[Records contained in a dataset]
━━━━━━━━━━

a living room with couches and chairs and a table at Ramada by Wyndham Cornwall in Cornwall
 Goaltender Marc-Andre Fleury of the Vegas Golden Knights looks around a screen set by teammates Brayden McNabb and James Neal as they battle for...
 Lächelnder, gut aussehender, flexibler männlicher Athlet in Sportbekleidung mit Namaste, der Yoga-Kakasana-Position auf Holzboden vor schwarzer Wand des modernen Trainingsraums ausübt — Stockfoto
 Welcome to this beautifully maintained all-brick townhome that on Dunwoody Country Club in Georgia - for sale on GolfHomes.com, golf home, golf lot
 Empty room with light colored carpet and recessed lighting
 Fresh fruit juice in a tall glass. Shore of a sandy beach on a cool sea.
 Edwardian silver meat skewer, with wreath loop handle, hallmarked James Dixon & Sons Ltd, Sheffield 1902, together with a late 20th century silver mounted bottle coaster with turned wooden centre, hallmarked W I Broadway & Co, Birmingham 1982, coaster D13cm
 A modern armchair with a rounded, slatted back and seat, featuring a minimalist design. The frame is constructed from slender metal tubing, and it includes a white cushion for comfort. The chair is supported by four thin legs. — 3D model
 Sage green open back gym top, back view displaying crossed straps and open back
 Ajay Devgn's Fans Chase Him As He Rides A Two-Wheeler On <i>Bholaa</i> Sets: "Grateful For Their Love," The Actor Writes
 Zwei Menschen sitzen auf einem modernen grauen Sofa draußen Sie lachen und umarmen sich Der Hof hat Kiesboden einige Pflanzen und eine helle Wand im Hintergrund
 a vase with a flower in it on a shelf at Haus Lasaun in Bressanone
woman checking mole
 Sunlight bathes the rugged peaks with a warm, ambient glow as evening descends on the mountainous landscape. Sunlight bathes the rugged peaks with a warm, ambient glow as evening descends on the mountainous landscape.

━━━━━━━━━━

YOUR OBJECTIVE:
Return a copy of each line in the entries that contains "modernen".

ANSWER SECTION:
 Lächelnder, gut aussehender, flexibler männlicher Athlet in Sportbekleidung mit Namaste, der Yoga-Kakasana-Position auf Holzboden vor schwarzer Wand des modernen Trainingsraums ausübt — Stockfoto
 Zwei Menschen sitzen auf einem modernen grauen Sofa draußen Sie lachen und umarmen sich Der Hof hat Kiesboden einige Pflanzen und eine helle Wand im Hintergrund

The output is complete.